Due to a substantial increase in individuals attempting to enter the United Kingdom (U.K.) unlawfully via small boats, which is inherently dangerous, and concerns over gangs having an incentive to smuggle people into the country, the U.K. government introduced the Illegal Migration Bill in the House of Commons on March 7, 2023. The bill is currently under consideration in the House of Lords. The government has stated that the purpose of the bill is to “make it unambiguously clear that, if you enter the UK illegally, you should not be able to remain here. Instead, you will be detained and promptly removed either to your home country or to a safe country where any asylum claim will be considered.” Under the current provisions of the bill, individuals entering the U.K. without lawful permission would be detained and removed to their home country, or if it is not safe for them to be removed there, to a safe third country, such as Rwanda, and applications for asylum would be considered from these countries. The inclusion of removal to a safe third country has been included in the bill despite this procedure currently being under consideration by the courts.
If enacted, the bill would place a duty on the secretary of state to remove individuals who enter the U.K. without lawful permission from the country as soon as is reasonably practicable. This would not require the secretary of state to remove unaccompanied minors until they are 18 years old, but he would have the power to do so. The bill would provide that any asylum or human rights claims from individuals who entered the U.K. illegally would be declared inadmissible, as would people who traveled through safe third countries. They would not be permitted to settle in the U.K. and, once removed, would not be allowed to reenter.
The bill would add Albania, Iceland, Liechtenstein, Norway, and Switzerland to the list of countries designated as “safe in law,” whose inhabitants are not at risk of persecution and thus do not need U.K. protection. The government’s intention behind the bill is to ensure that individuals in need of asylum will enter through legal routes and avoid dangerous crossings and human trafficking, and has stated it intends to create more of these routes. The bill would also include an annual cap on the number of people who may claim asylum in the U.K., although this could be amended “in the face of humanitarian emergencies.”

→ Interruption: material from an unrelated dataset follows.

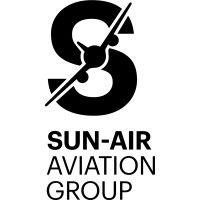 sun-air aviation group a/s logo image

The bill has been subject to considerable criticism from human rights groups, which have described it as a ban on asylum and state it breaches a number of the U.K.’s international obligations. The bill itself includes a statement from a government minister who notes, “I am unable to make a statement that, in my view, the provisions of the Illegal Migration Bill are compatible with the Convention rights, but the Government nevertheless wishes the House to proceed with the Bill.”